Now the infrastructure is all set up its time to open the notebook and login. This is done by accessing pyspark as below and copying the provided token. Once this is done you can start a new notebook which will be connected to your EMR cluster, as such you can utilise it analyse large data sets that are stored within your S3 buckets, providing you have set up the access already.

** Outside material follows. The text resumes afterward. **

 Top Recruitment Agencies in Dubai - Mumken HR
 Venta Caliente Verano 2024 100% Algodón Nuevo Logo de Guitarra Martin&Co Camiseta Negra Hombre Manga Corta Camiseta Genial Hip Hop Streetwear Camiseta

Now that we’re in the notebook lets see if we can get R running. This involves loading the rpy2 package, running the command to allow cells to run R code and then testing this. The following is shown in the below code snippet and also in the attached image, which also shows the output of a base R plot. In order to do anything outside of base R you’ll need to install packages within the R console, which can be done by running the R() command in the terminal and running install.packages().

Well that’s all that will be covered in this post, but hopefully it’s enough to give you a bit of background into spark and also boot up your first EMR cluster with both python and R available!